[Kde-pim] Trying to understand mail filtering handling with maildir resource
Daniel Vrátil
dvratil at redhat.com
Mon Jul 14 10:03:11 BST 2014
On Sunday 13 of July 2014 15:14:09 Martin Steigerwald wrote:
> Hi!
>
> In order to finally break^H^H^H^H^H fix up performance of maildir resource I
> try to understand maildir filtering handling with maildir resource.
> Especially I want to ask the question:
Hi,
thanks for looking into this. I'm not a maildir expert, but I'll try to answer
what I know.
> Why does filtering mails into a folder trigger a full folder sync including
> comparing all files each time?
By folder sync, do you mean a sync triggered by Akonadi (that is
MaildirResource::retriveItems() is called ( == folder sync in Akonadi terms),
or does the resource just trigger some updates of it's internal cache?

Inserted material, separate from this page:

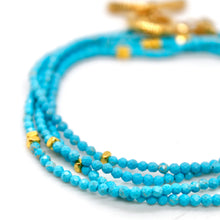 Load image into Gallery viewer, Long Turquoise Stone and Gold Luxury Necklace - NC-643L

This is
not clear to me from your email.
> I started from libmaildir and the only case it compares full directory
> contents seem to be in
>
> 838 void Maildir::refreshKeyCache()
> 839 {
> 840 KeyCache::self()->refreshKeys( d->path );
> 841 }
Wouldn't the proper question be "what calls this method"? If I understand it
correctly, your concern is, that filtering a mail into maildir folder triggers
full sync ( == calls refreshKeys?), so you should be trying to find out what
triggers the refreshKeys method, and try to optimize that.
>
> which calls:
>
> 26 void KeyCache::addKeys( const QString& dir )
> 27 {
> 28 if ( !mNewKeys.contains( dir ) ) {
> 29 mNewKeys.insert( dir, listNew( dir ) );
> 30 //kDebug() << "Added new keys for: " << dir;
> 31 }
> 32
> 33 if ( !mCurKeys.contains( dir ) ) {
> 34 mCurKeys.insert( dir, listCurrent( dir ) );
> 35 //kDebug() << "Added cur keys for: " << dir;
> 36 }
> 37 }
> 38
> 39 void KeyCache::refreshKeys( const QString& dir )
> 40 {
> 41 mNewKeys.remove( dir );
> 42 mCurKeys.remove( dir );
> 43 addKeys( dir );
> 44 }
>
> which essential calls the routines I switched not to sort the filenames. The
> routines which list all the filenames of a mail folder into a buffer.
>
>
> Maildir resource calls this in:
>
> 711 void MaildirResource::slotDirChanged(const QString& dir)
> 712 {
> 713 QFileInfo fileInfo( dir );
> 714 if ( fileInfo.isFile() ) {
> 715 slotFileChanged( fileInfo );
> 716 return;
> 717 }
> 718
> 719 if ( dir == mSettings->path() ) {
> 720 synchronizeCollectionTree();
> 721 synchronizeCollection( Collection::root().id() );
> 722 return;
> 723 }
>
> TODO: Figure out what these exactly do.
>
> Documentation
>
> void ResourceBase::synchronizeCollection ( qint64 id )
> protected
>
> This method is called whenever the collection with the given id shall be
> synchronized.
>
> Definition at line 1071 of file resourcebase.cpp.
>
> isn´t exactly helpful. What does synchronize mean?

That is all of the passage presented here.